§ **Task input**:
● ● ●

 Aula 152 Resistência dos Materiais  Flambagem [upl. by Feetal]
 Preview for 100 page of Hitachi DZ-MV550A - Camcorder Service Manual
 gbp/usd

● ● ●

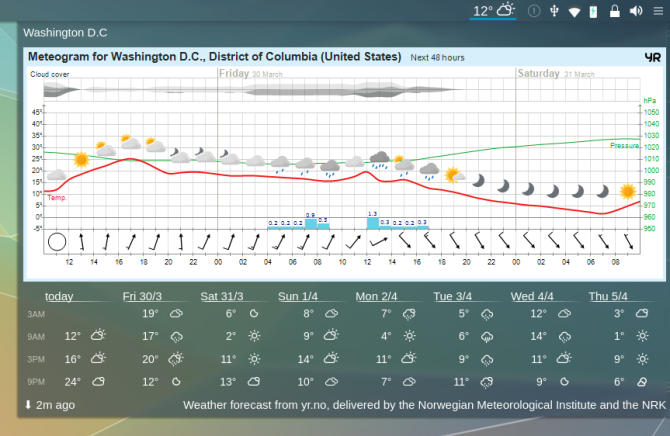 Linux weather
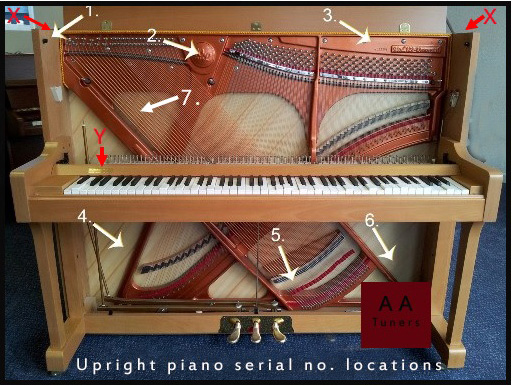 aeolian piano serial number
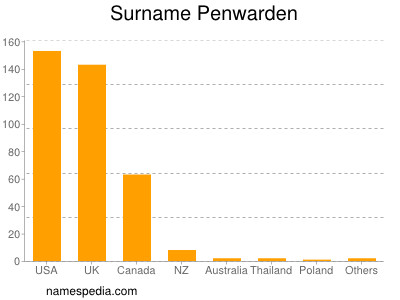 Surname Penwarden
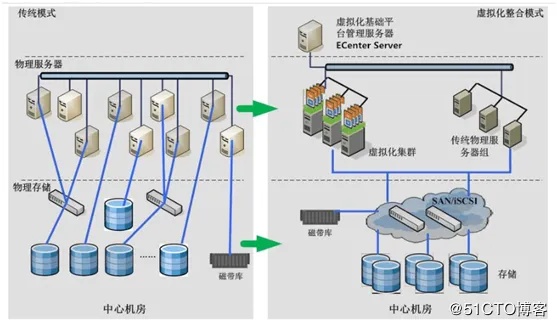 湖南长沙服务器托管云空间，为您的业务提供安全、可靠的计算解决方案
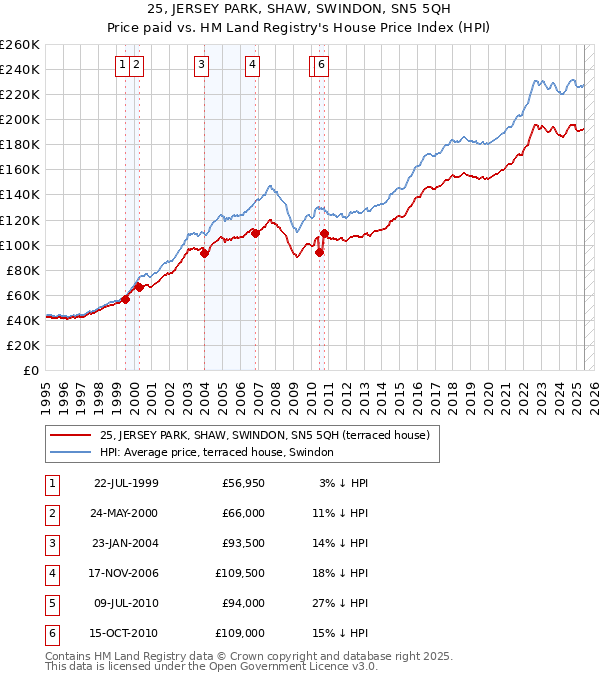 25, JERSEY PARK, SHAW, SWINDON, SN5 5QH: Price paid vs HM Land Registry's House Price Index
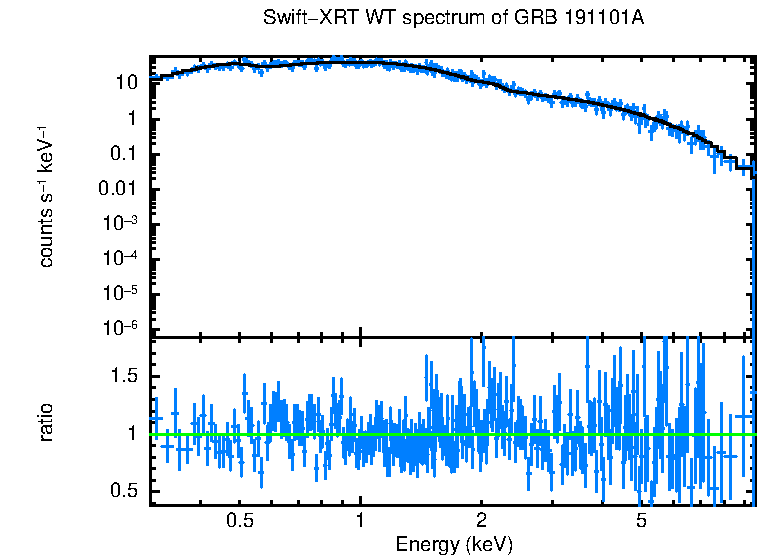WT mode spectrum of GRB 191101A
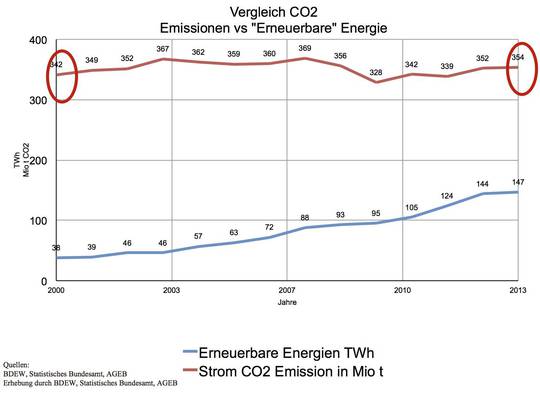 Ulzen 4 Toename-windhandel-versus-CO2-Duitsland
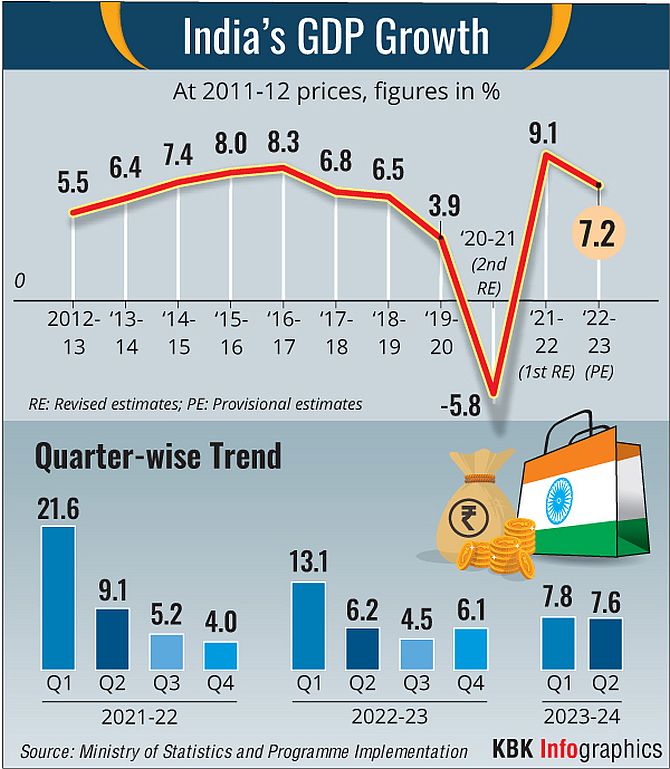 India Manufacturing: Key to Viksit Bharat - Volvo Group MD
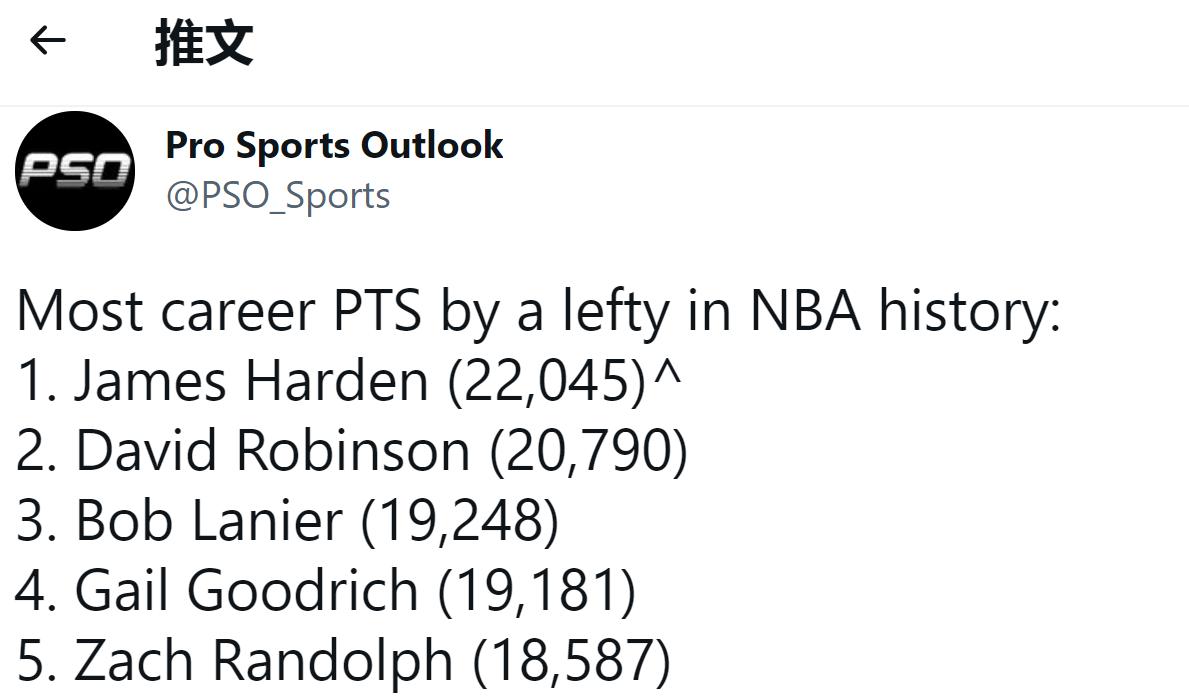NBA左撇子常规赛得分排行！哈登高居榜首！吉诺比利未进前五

● ● ●

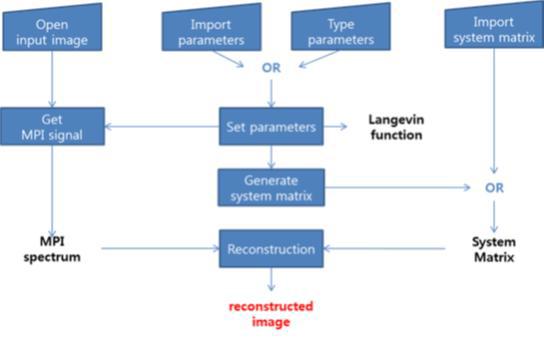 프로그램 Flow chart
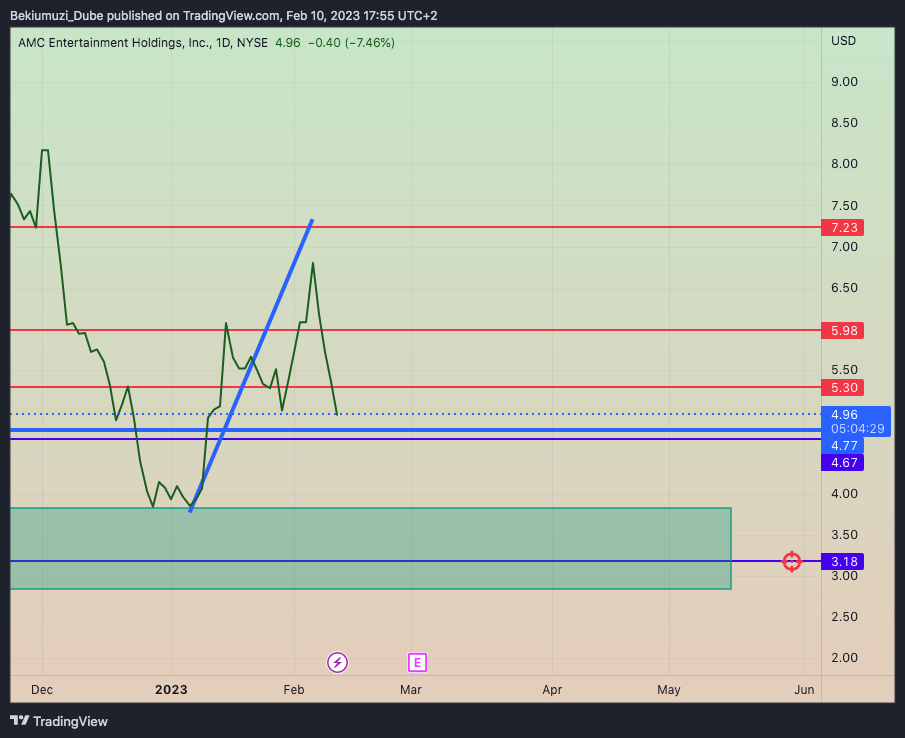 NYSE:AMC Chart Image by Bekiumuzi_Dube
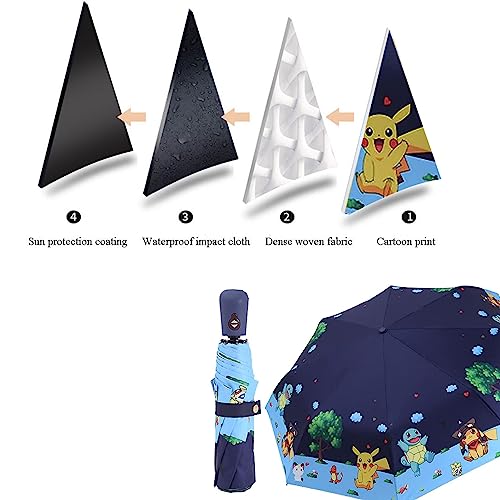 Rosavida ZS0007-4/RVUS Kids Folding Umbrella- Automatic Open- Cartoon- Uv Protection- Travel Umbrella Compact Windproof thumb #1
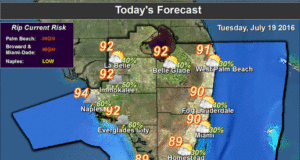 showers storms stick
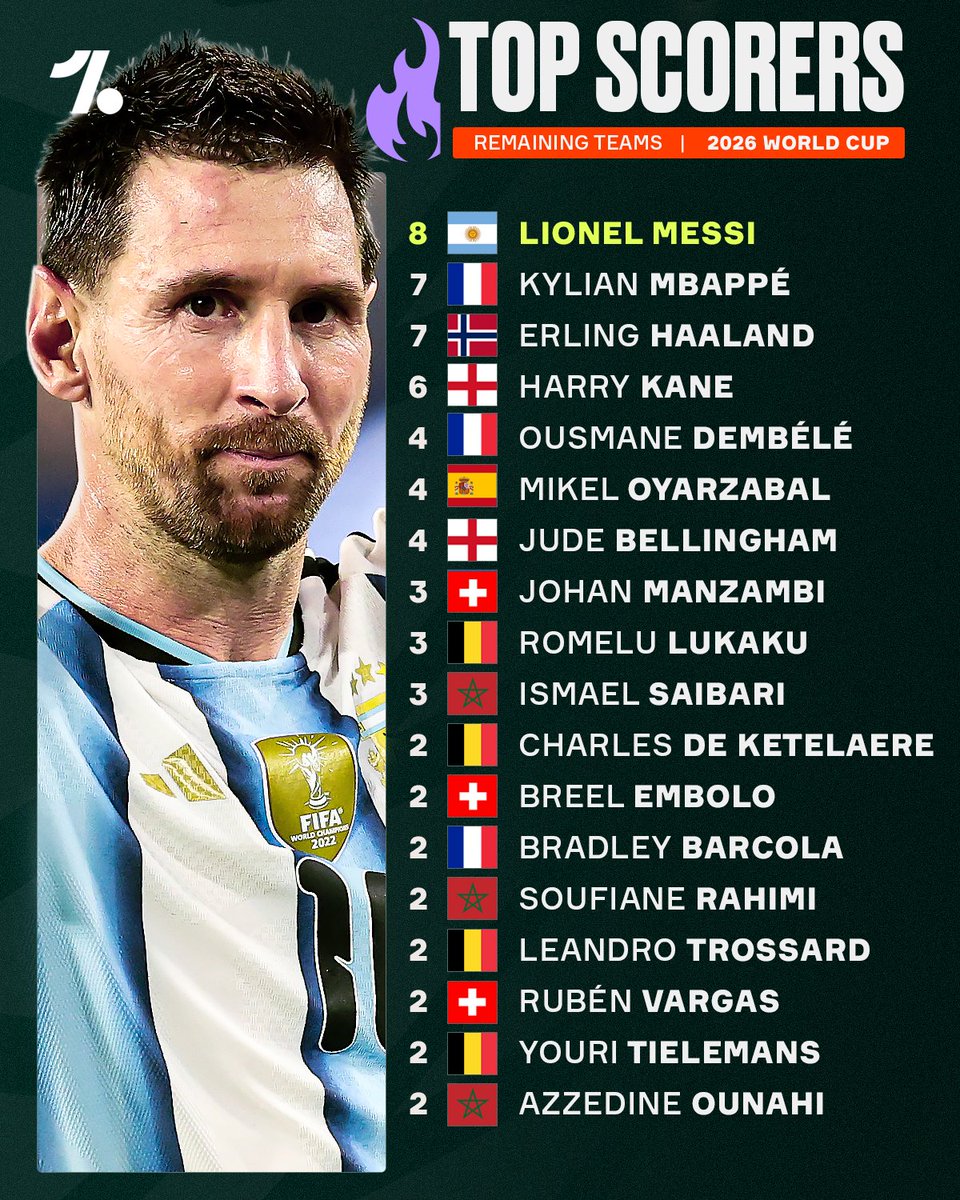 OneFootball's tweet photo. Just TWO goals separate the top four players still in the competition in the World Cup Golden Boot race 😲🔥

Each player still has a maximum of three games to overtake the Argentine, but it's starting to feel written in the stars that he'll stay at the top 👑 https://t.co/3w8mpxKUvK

● ● ●

§ **Aim of the exercise**:
Using the entries above, transcribe every line from the line containing "WT mode spectrum of GRB 191101A" through the line containing "NBA左撇子常规赛得分排行！哈登高居榜首！吉诺比利未进前五". Do not copy pictures.

§ **Final answer**:
WT mode spectrum of GRB 191101A
 Ulzen 4 Toename-windhandel-versus-CO2-Duitsland
 India Manufacturing: Key to Viksit Bharat - Volvo Group MD
NBA左撇子常规赛得分排行！哈登高居榜首！吉诺比利未进前五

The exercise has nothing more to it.